Los pozos de Derqui

Hay situaciones en la vida que, pese a no ser las ideales, son mucho mejores por tener un amigo al lado. Situaciones que incluyen una ruta oscura, siniestra, sombría, adversa y en mal estado. Con una Ferrari roja que nunca lo fue y un pozo.





Los pozos de Derqui

Era de noche y veníamos de Derqui a Pilar. Eran otros tiempos y era otra la historia, no había medallas, solo hambre de gloria. Yo todavía manejaba la Ferrari roja. Ese auto que el resto del mundo veía como Suzuki Fun (que después empezó a ser Chevrolet Celta). Creo que ya tenía abollada la punta del capot, producto de un suave beso sufrido en esas mañanas de ir a la facultad, y el tráfico de las nueve de la mañana de la USAL.

Pero esas mañanas ya no son más y esa noche recién empezaba. Veníamos perder todas nuestras vidas en un combate interminable frente a enemigos que nunca paran de multiplicarse. Léase, el famoso juego Call of Duty, de la PS3. Porque así pasamos varias noches. Birra y delirios militarescos ficticios, buscando puntos estratégicos y a aguantar lo más posible, solo poniendo pausa para tomar. La euforia era indescriptible cuando superábamos nuestros insuperables récords. Y más aún, con un poquito de alcohol encima. Descubríamos nuevos continentes.

Sin embargo, yo me fui a Chicago y cuando volví la play había sido vendida y mi amigo, de novio. Es que me voy por un semestre y se desata el Ragnarok.

Y veníamos hablando de la vida, con destino a ninguna parte. En realidad, no me acuerdo con exactitud adónde íbamos. Pero lo cierto es que íbamos. De Derqui a Pilar. Todavía ajenos a lo que nos iba a suceder mientras andábamos ese camino oscuro, mal alumbrado y lleno de pozos. Ese que de noche no querés parar para nada porque se activa tu sentido arácnido con el “me van a robar, me van a robar, me van a robar”. La paranoia usual de los argentinos cuando entran a la boca del lobo.

De repente, “¡cuidado el pozo, boludo!”. Fue demasiado tarde. Un pozo ubicado inmediatamente adelante nuestro, a la derecha, casi en la banquina. Lo único que atiné a hacer fue abrirme para la izquierda, pero no, venían autos. Ya cuando mi cerebro quiso evaluar otras posibilidades… (bajar a la banquina, capaz, aunque por el estado en que estaba hasta era mejor comernos…) el pozo.  Un temblor rápido y momentáneo. Fue casi como si no hubiera pasado nada. Hasta que a los pocos segundos empezamos a escuchar un ruido extraño. Era la rueda delantera derecha. Y casi no había pasado nada.
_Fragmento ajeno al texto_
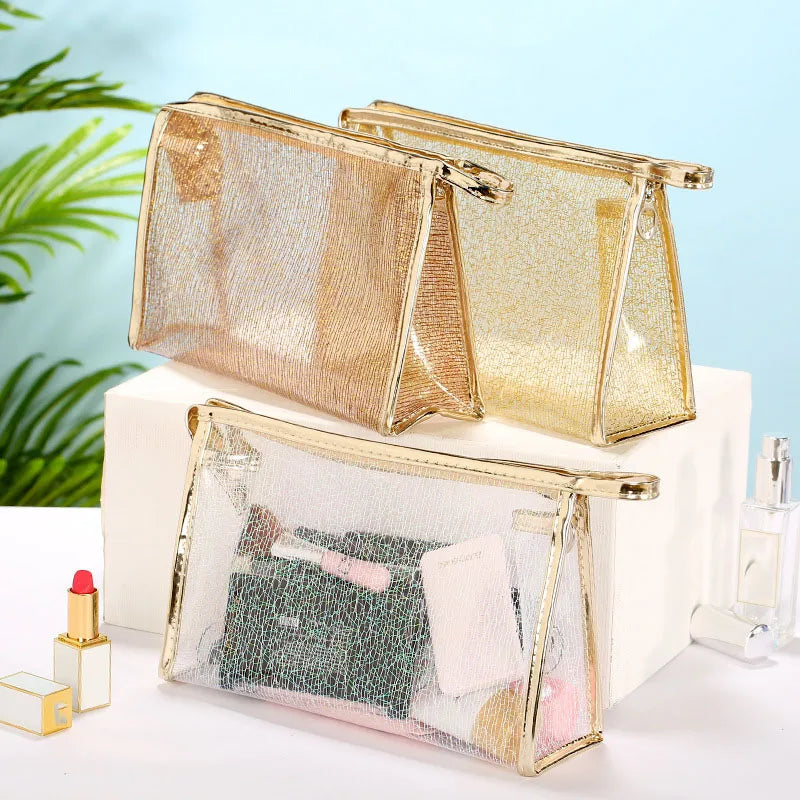 Square Creative Jelly Gold Silk Makeup Storage Travel for Toiletry Bag Cosmetic Bags & Cases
Ahí sí, no hubo más alternativa que parar sobre la banquina y encomendarnos al destino. Porque una llanta abollada, en la oscuridad y “nos van a robar”. Sin embargo, no cundió el pánico. Total, éramos dos. Sin contar que veníamos de matar terroristas. Si lo único que había que hacer era sacar una rueda y poner la de auxilio. 
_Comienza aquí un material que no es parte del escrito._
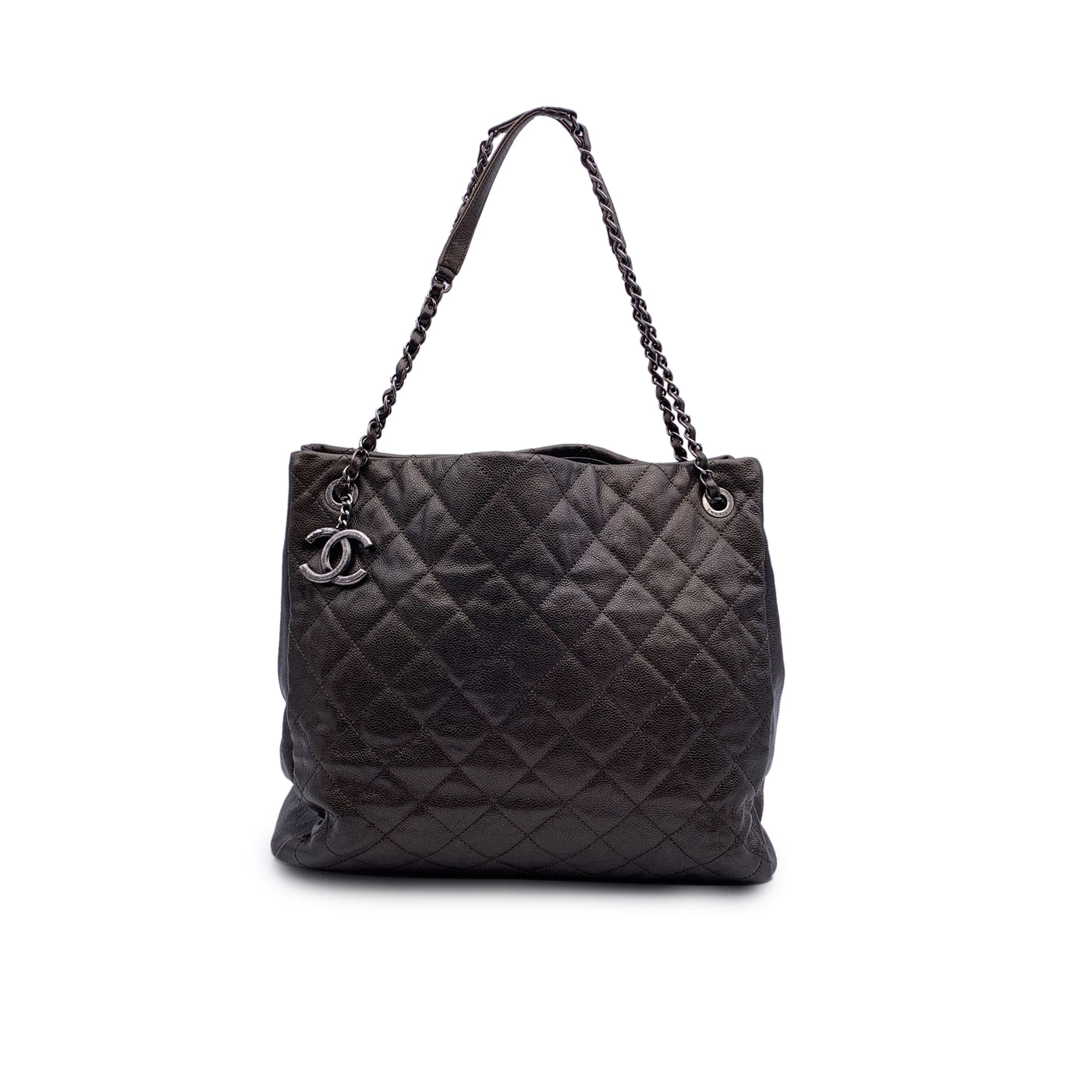 Chanel Brown Quilted Caviar Leather Chic Shopping Tote Bag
Al día siguiente aprendí a usar el gato ese que viene con el auto y ahora te cambio una goma en 15 minutos. No obstante, entre la desesperación, la oscuridad, el barro (porque había llovido) y la paranoia argenta, no logramos entender la simpleza no tan simple de ese gato. Para aflojar las tuercas con la llave L no hubo mayores problemas.
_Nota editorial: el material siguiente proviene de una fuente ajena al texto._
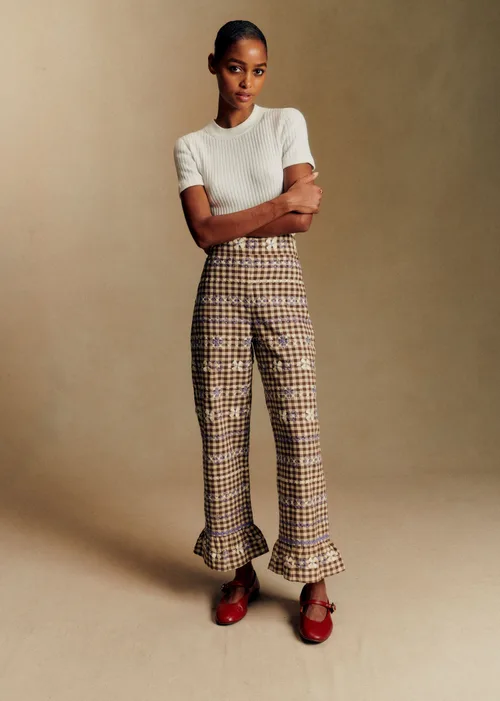 Pantalon Alexio - Vichy Marron Broderies Lila — image 3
Fue gracias a su viejo que vino tras un “che, pa, rompimos llanta en el camino” que sobrevivimos. Vino en su nave y nos proveyó de un gato enorme, de esos que usan los gomeros y una gorrita con linterna incorporada bien de MacGyver. Santo remedio.

Todo fue más fácil.

A los pocos minutos ya estábamos en marcha de nuevo. Sí, terminamos llegando más tarde adonde quiera que íbamos, pero habíamos sumado puntos de supervivencia en situaciones extremas. “Quedar varado en el medio de la nada, en la oscuridad, camino a Derqui”, superado.


Además, si no nos hubiera pasado, tendría una anécdota interesante menos para contar. Son de esas cosas que, menos mal, te pasan cuando estás con un amigo.